§ TASK DETAILS
Give back the exact lines of the material below from the one containing "ALO YOGA Athletic" through the one containing "SHONA'S STYLE Stainless", and no pictures.

[[ SUPPLIED MATERIAL open ]]

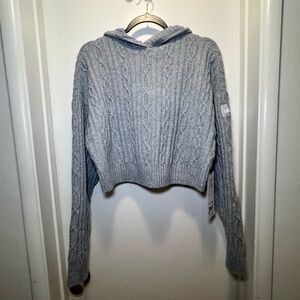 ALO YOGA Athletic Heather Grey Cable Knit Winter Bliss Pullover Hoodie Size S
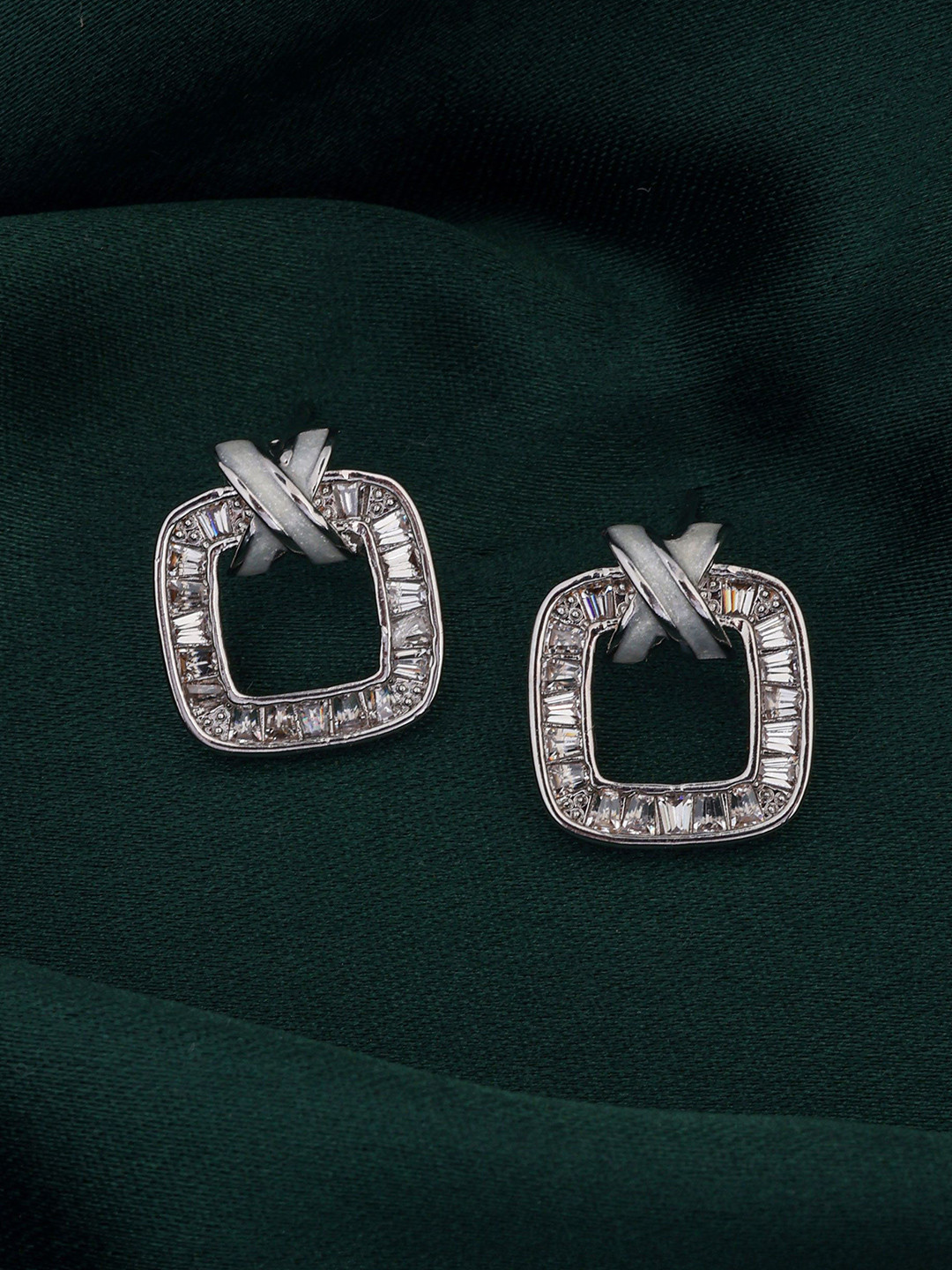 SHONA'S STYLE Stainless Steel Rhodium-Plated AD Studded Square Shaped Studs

[[ SUPPLIED MATERIAL closed ]]
[[ SUPPLIED MATERIAL open ]]

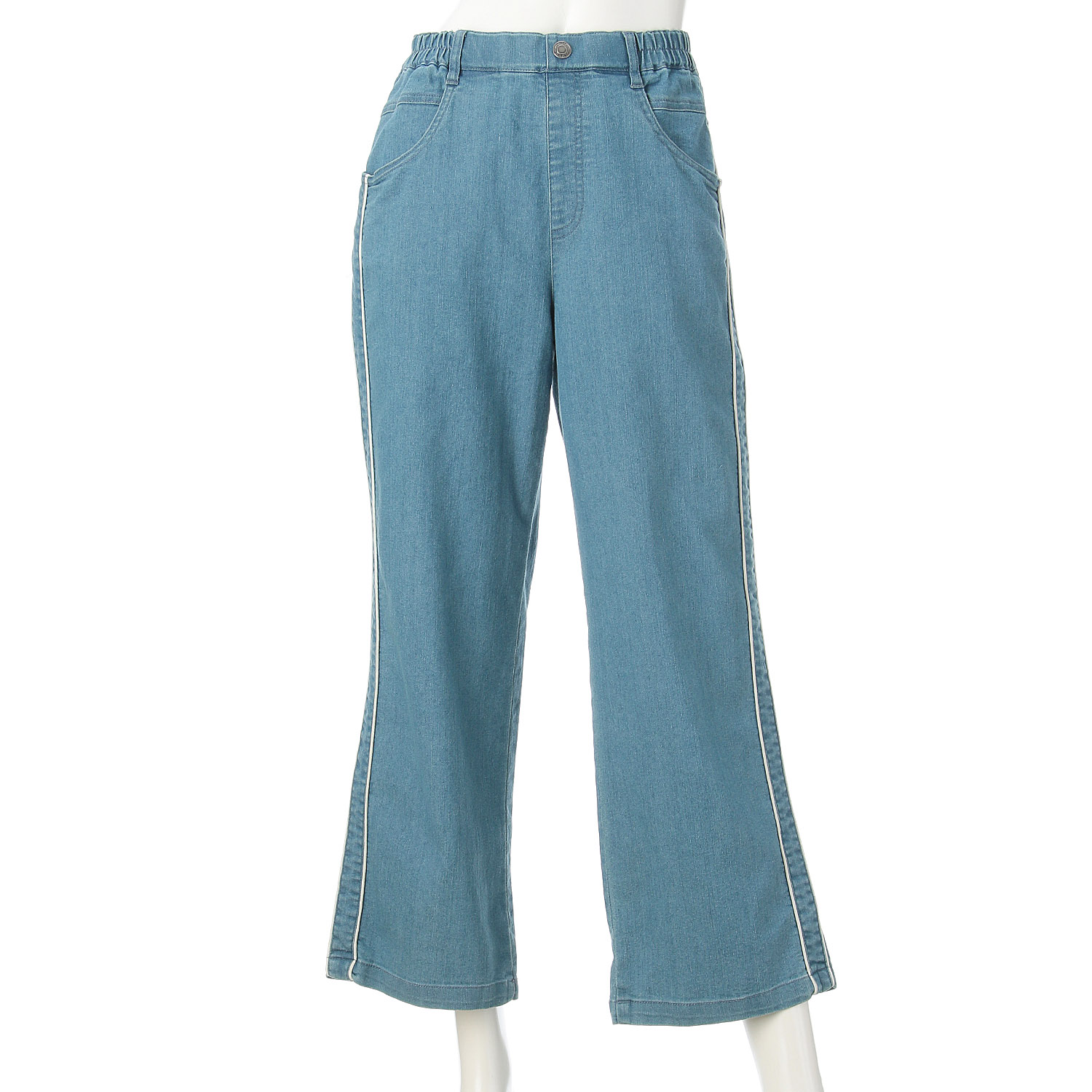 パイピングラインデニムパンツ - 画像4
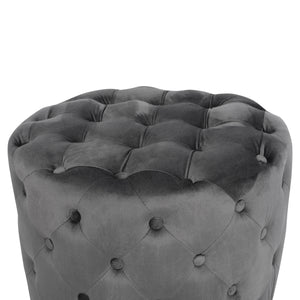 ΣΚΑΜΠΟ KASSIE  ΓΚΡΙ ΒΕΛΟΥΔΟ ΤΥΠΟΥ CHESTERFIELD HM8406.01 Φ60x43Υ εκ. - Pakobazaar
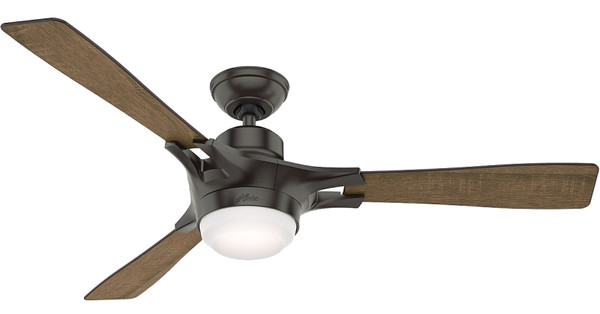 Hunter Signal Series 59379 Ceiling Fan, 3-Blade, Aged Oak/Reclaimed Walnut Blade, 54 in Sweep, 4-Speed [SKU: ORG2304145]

[[ SUPPLIED MATERIAL closed ]]
[[ SUPPLIED MATERIAL open ]]

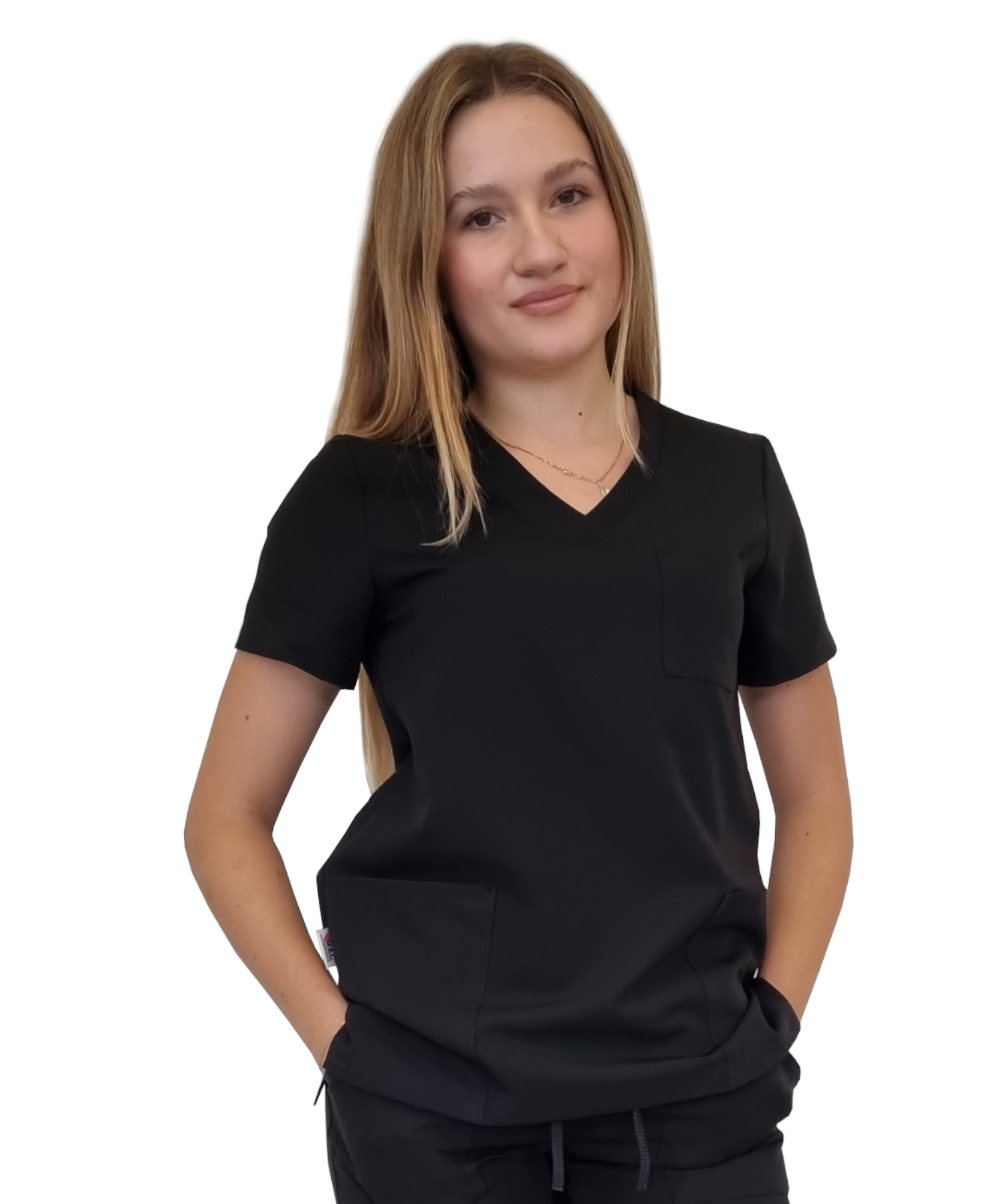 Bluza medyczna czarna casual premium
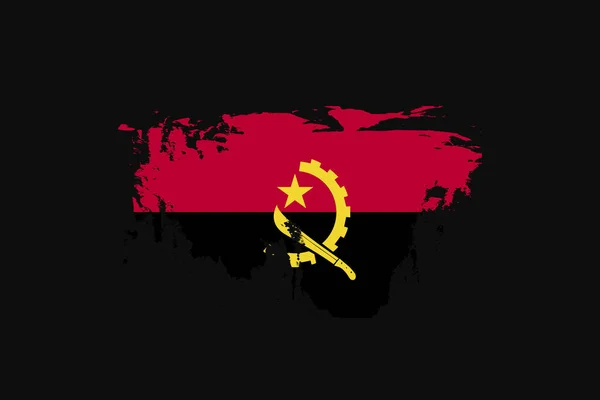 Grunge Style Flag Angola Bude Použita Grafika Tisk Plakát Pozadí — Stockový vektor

[[ SUPPLIED MATERIAL closed ]]

§ ANSWER SECTION
 ALO YOGA Athletic Heather Grey Cable Knit Winter Bliss Pullover Hoodie Size S
 SHONA'S STYLE Stainless Steel Rhodium-Plated AD Studded Square Shaped Studs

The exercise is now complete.